Lewis meant to spell “importunate,” which means insistent to the point of annoyance.
“From that little excerpt,” Fitzpatrick said, “I found this woman, this courageous woman. You think about it, at the time she’s a woman and she’s a native, yet she’s standing up for herself. She’s saying 'I’m worthy.' ”
Clark’s willingness to take Sacajawea along that day struck Fitzpatrick. He comes across in the screenplay as a father figure for the Indian girl. Lewis is aloof and Charbonneau, her French Canadian husband, is a brutish clown.

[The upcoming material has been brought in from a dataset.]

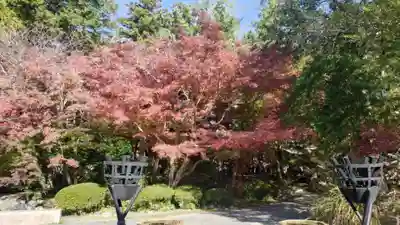 覚園寺(神奈川県)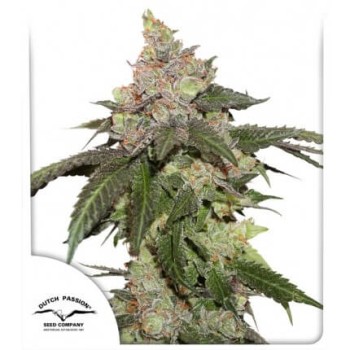 Kerosene Krash - Dutch Passion femminizzati Dutch Passion €89,95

There are plenty of unsettled controversies around Sacajawea, from the spelling and pronunciation of her name to her heritage. Was she Shoshone kidnapped by Hidatsas or the other way around? Did she die a few years after the expedition returned or live to old age on the Wind River Reservation in Wyoming?
“We’re not here to prove one side right or wrong,” Fitzpatrick said.
Still, Leo Ariwite of Fort Hall, Idaho, the Shoshone adviser on the movie and the Sacajawea descendant, did clear up one common misconception for her. He said when Sacajawea met Cameahwait among the Shoshone it wasn’t a meeting of brother and sister as historians portray but of uncle and niece. Aunts and uncles, Fitzpatrick said, played special roles in Shoshone family life.
For Sacajawea, the unnamed casting director will be looking for an unknown actress.
An HBO miniseries on the Lewis and Clark expedition that boasts the star-power of Edward Norton, Brad Pitt and Tom Hanks as executive producers is set to start filming next month is Alberta, Canada. Casting calls were made in Montana and elsewhere last fall for a Sacajawea, though the selectee has not been announced.
Fitzpatrick said the miniseries won’t overshadow her project, which focuses on one enigmatic but empowering character.
“It’s the difference between a silhouette and a full-blown figure,” Raven Nelson said.
"I don't see this as just a dream, because it is a lifelong path. Her story needs to be told and I know it's going to happen," Fitpatrick said.
There are more statues of Sacajawea in the U.S. than any other woman. She's been the subject of lots of books and documentary films, but there's been no full-blown feature film on the Sacajawea story.
Fitzgerald thinks the time is ripe.
“It’s a story about a strong woman that needs to be told in our world now,” she said. “She will be an icon, a mentor, someone that not only Native American girls but all girls can look up to and know that she was part of something great. And we’re still talking about her over 200 years later.”